Hi JayMot,
Your nervousness is certainly understandable and has been felt by all of us. I'm a stat guy myself, and I find that knowledge relieves my anxiety, as does my practice of Mindfulness.
I'll try to address your questions.
The gross incidence/mortality numbers - I'm afraid that doesn't tell you much. Prostate cancer is never fatal for a lot of men, which may be because they did not have a virulent strain, or because treatments cured them, or because treatments allowed them to survive long enough that something else killed them first. It has a very long natural history, so detection of PC now, may result in a death 20 or more years later.

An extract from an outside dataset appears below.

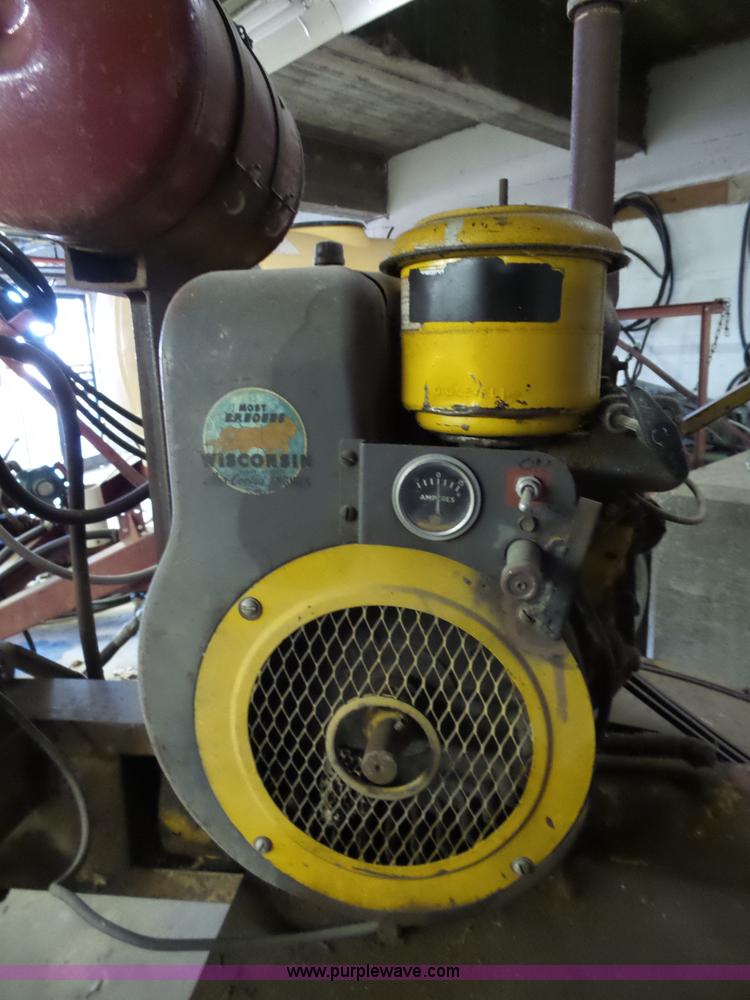 image for item BT9361 Vermeer 6 stump grinder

Can you be cured? - Probably so. You have what NCCN calls "unfavorable intermediate risk" prostate cancer. So your chances of a recurrence after treatment is better than the high risk guys but worse than "favorable intermediate risk" or low risk guys. The probability of remaining free of a biochemical recurrence within 5 years of treatment ranges from 60% to more than 90% (depending on the therapy and the institution), so odds are in your favor. The success depends on how well contained the cancer is. Your doctor may want you to have a bone scan and CT to assure that there are no distant metastases.

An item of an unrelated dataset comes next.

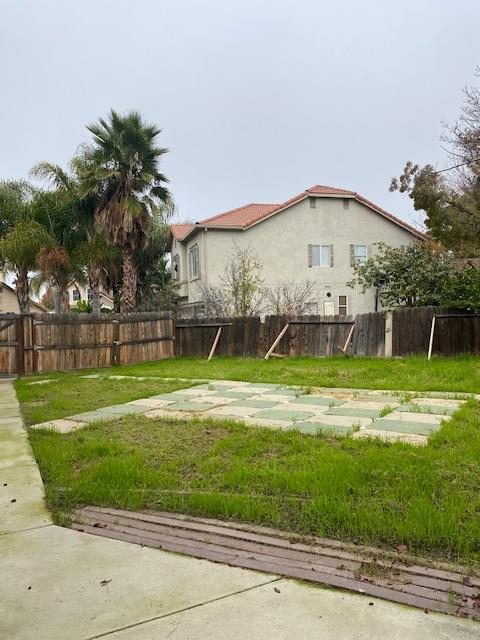 853 Neal Ct, Los Banos, CA 93635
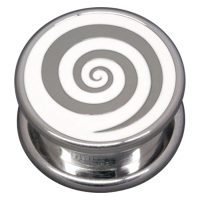 Silberner Ohrplug mit weiß-grauer Spiralgravur auf neutralem Hintergrund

The reason that most studies report "biochemical" recurrence (meaning PSA rises significantly) rather than prostate cancer survival is because it takes way too long to determine the length of survival. At your risk level, the odds of surviving more than 20 years with treatment is probably over 99%. You can check your predicted stats on
this nomogram.
Surgery.
Johns Hopkins reports 5-year recurrence-free progression probability of 63% after surgery for men with Gleason 4+3. (and about
50% after 10 years.) This is because Gleason pattern 4 (unlike pattern 3) can escape the prostate and seed into surrounding tissues or metastasize distantly. If you're lucky, it is still completely contained and surgery is curative without further treatment. Sometimes they do adjuvant or salvage radiation, but that significantly raises the complication rate.
Radiation. A recent study (
see this link) observed unfavorable intermediate risk men who were mostly treated with a combination of external beam radiation with a brachytherapy boost (some had ADT as well). After 15 years, 93% remained free of biochemical progression. This is because radiation treats areas outside of the prostate as well. This kind of combination therapy has been found to be the most effective. Similar results have been reported for both kinds of brachytherapy (high dose rate and low dose rate) given as a boost therapy and for SBRT. The key is a high dose to the prostate and wide margins, with excellent image guidance to limit toxicity.
It falls to you to get out there and talk to doctors who are specialists in each kind of therapy. If you care to say where you are, we can probably make some recommendations.